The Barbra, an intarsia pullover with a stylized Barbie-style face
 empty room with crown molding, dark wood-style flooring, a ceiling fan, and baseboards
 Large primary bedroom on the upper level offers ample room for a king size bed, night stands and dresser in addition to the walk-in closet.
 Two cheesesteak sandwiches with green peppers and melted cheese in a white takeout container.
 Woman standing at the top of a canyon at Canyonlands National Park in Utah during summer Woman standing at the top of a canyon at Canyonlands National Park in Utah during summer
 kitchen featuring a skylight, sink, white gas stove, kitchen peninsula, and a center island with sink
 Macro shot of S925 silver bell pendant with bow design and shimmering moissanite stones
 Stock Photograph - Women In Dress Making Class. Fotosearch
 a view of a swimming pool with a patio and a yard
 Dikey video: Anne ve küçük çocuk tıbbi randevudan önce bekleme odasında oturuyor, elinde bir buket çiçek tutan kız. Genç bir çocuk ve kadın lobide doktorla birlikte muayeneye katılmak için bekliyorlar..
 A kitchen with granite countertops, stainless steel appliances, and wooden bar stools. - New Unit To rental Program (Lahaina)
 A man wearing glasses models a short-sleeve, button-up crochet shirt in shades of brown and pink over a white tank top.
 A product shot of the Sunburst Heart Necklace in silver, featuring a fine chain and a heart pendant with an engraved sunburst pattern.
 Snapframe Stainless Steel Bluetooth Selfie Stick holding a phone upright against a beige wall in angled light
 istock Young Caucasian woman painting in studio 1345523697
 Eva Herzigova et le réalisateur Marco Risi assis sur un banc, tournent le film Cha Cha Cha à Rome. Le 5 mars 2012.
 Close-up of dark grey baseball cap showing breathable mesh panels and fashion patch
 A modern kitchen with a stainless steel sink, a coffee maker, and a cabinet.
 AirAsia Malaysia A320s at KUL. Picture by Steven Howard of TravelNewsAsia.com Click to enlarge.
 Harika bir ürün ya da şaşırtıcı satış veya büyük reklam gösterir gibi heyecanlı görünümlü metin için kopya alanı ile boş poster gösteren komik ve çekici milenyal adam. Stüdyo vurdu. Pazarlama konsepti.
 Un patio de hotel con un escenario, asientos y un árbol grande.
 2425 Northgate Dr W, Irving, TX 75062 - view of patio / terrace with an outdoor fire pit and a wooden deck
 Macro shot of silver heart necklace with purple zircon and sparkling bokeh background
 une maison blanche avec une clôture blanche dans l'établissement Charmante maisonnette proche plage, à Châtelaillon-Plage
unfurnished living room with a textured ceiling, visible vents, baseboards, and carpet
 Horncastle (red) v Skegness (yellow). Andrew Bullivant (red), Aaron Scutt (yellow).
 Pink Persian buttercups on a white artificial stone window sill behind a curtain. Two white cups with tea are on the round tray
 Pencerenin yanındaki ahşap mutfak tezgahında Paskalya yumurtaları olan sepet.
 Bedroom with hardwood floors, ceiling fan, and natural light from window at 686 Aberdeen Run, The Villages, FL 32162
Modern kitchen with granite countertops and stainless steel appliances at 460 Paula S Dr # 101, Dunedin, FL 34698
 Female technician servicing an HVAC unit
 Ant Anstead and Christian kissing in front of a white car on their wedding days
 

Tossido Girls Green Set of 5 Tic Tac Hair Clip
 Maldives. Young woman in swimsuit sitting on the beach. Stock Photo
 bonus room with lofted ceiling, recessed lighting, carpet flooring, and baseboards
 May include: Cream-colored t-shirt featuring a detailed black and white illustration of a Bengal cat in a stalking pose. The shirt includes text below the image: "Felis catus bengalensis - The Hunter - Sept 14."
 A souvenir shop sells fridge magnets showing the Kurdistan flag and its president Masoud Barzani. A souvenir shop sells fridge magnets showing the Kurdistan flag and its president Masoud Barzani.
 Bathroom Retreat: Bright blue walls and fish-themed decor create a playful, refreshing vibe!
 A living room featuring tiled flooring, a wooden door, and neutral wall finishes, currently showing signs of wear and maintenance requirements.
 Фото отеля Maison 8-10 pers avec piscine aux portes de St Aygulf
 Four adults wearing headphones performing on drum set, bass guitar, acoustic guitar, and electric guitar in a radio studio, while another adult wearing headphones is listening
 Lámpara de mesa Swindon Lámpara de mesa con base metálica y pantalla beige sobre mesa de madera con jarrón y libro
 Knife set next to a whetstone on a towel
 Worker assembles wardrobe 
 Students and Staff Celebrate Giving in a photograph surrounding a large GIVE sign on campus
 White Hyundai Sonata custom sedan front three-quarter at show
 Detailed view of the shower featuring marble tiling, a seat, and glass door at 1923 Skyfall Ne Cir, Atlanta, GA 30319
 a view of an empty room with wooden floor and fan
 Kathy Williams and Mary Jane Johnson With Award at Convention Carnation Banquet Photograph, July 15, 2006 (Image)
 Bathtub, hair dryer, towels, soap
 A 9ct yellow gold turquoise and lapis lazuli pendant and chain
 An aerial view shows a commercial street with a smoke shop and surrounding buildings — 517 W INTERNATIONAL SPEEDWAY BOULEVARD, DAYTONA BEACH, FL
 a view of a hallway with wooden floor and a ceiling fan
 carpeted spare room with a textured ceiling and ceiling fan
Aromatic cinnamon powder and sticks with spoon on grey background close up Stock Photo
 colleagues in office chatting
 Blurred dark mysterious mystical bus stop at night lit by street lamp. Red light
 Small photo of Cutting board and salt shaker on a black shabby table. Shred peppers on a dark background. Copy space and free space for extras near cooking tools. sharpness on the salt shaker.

#### WORK ORDER
Output all of the data again, exactly.

#### WORKED SOLUTION
The Barbra, an intarsia pullover with a stylized Barbie-style face
 empty room with crown molding, dark wood-style flooring, a ceiling fan, and baseboards
 Large primary bedroom on the upper level offers ample room for a king size bed, night stands and dresser in addition to the walk-in closet.
 Two cheesesteak sandwiches with green peppers and melted cheese in a white takeout container.
 Woman standing at the top of a canyon at Canyonlands National Park in Utah during summer Woman standing at the top of a canyon at Canyonlands National Park in Utah during summer
 kitchen featuring a skylight, sink, white gas stove, kitchen peninsula, and a center island with sink
 Macro shot of S925 silver bell pendant with bow design and shimmering moissanite stones
 Stock Photograph - Women In Dress Making Class. Fotosearch
 a view of a swimming pool with a patio and a yard
 Dikey video: Anne ve küçük çocuk tıbbi randevudan önce bekleme odasında oturuyor, elinde bir buket çiçek tutan kız. Genç bir çocuk ve kadın lobide doktorla birlikte muayeneye katılmak için bekliyorlar..
 A kitchen with granite countertops, stainless steel appliances, and wooden bar stools. - New Unit To rental Program (Lahaina)
 A man wearing glasses models a short-sleeve, button-up crochet shirt in shades of brown and pink over a white tank top.
 A product shot of the Sunburst Heart Necklace in silver, featuring a fine chain and a heart pendant with an engraved sunburst pattern.
 Snapframe Stainless Steel Bluetooth Selfie Stick holding a phone upright against a beige wall in angled light
 istock Young Caucasian woman painting in studio 1345523697
 Eva Herzigova et le réalisateur Marco Risi assis sur un banc, tournent le film Cha Cha Cha à Rome. Le 5 mars 2012.
 Close-up of dark grey baseball cap showing breathable mesh panels and fashion patch
 A modern kitchen with a stainless steel sink, a coffee maker, and a cabinet.
 AirAsia Malaysia A320s at KUL. Picture by Steven Howard of TravelNewsAsia.com Click to enlarge.
 Harika bir ürün ya da şaşırtıcı satış veya büyük reklam gösterir gibi heyecanlı görünümlü metin için kopya alanı ile boş poster gösteren komik ve çekici milenyal adam. Stüdyo vurdu. Pazarlama konsepti.
 Un patio de hotel con un escenario, asientos y un árbol grande.
 2425 Northgate Dr W, Irving, TX 75062 - view of patio / terrace with an outdoor fire pit and a wooden deck
 Macro shot of silver heart necklace with purple zircon and sparkling bokeh background
 une maison blanche avec une clôture blanche dans l'établissement Charmante maisonnette proche plage, à Châtelaillon-Plage
unfurnished living room with a textured ceiling, visible vents, baseboards, and carpet
 Horncastle (red) v Skegness (yellow). Andrew Bullivant (red), Aaron Scutt (yellow).
 Pink Persian buttercups on a white artificial stone window sill behind a curtain. Two white cups with tea are on the round tray
 Pencerenin yanındaki ahşap mutfak tezgahında Paskalya yumurtaları olan sepet.
 Bedroom with hardwood floors, ceiling fan, and natural light from window at 686 Aberdeen Run, The Villages, FL 32162
Modern kitchen with granite countertops and stainless steel appliances at 460 Paula S Dr # 101, Dunedin, FL 34698
 Female technician servicing an HVAC unit
 Ant Anstead and Christian kissing in front of a white car on their wedding days
 

Tossido Girls Green Set of 5 Tic Tac Hair Clip
 Maldives. Young woman in swimsuit sitting on the beach. Stock Photo
 bonus room with lofted ceiling, recessed lighting, carpet flooring, and baseboards
 May include: Cream-colored t-shirt featuring a detailed black and white illustration of a Bengal cat in a stalking pose. The shirt includes text below the image: "Felis catus bengalensis - The Hunter - Sept 14."
 A souvenir shop sells fridge magnets showing the Kurdistan flag and its president Masoud Barzani. A souvenir shop sells fridge magnets showing the Kurdistan flag and its president Masoud Barzani.
 Bathroom Retreat: Bright blue walls and fish-themed decor create a playful, refreshing vibe!
 A living room featuring tiled flooring, a wooden door, and neutral wall finishes, currently showing signs of wear and maintenance requirements.
 Фото отеля Maison 8-10 pers avec piscine aux portes de St Aygulf
 Four adults wearing headphones performing on drum set, bass guitar, acoustic guitar, and electric guitar in a radio studio, while another adult wearing headphones is listening
 Lámpara de mesa Swindon Lámpara de mesa con base metálica y pantalla beige sobre mesa de madera con jarrón y libro
 Knife set next to a whetstone on a towel
 Worker assembles wardrobe 
 Students and Staff Celebrate Giving in a photograph surrounding a large GIVE sign on campus
 White Hyundai Sonata custom sedan front three-quarter at show
 Detailed view of the shower featuring marble tiling, a seat, and glass door at 1923 Skyfall Ne Cir, Atlanta, GA 30319
 a view of an empty room with wooden floor and fan
 Kathy Williams and Mary Jane Johnson With Award at Convention Carnation Banquet Photograph, July 15, 2006 (Image)
 Bathtub, hair dryer, towels, soap
 A 9ct yellow gold turquoise and lapis lazuli pendant and chain
 An aerial view shows a commercial street with a smoke shop and surrounding buildings — 517 W INTERNATIONAL SPEEDWAY BOULEVARD, DAYTONA BEACH, FL
 a view of a hallway with wooden floor and a ceiling fan
 carpeted spare room with a textured ceiling and ceiling fan
Aromatic cinnamon powder and sticks with spoon on grey background close up Stock Photo
 colleagues in office chatting
 Blurred dark mysterious mystical bus stop at night lit by street lamp. Red light
 Small photo of Cutting board and salt shaker on a black shabby table. Shred peppers on a dark background. Copy space and free space for extras near cooking tools. sharpness on the salt shaker.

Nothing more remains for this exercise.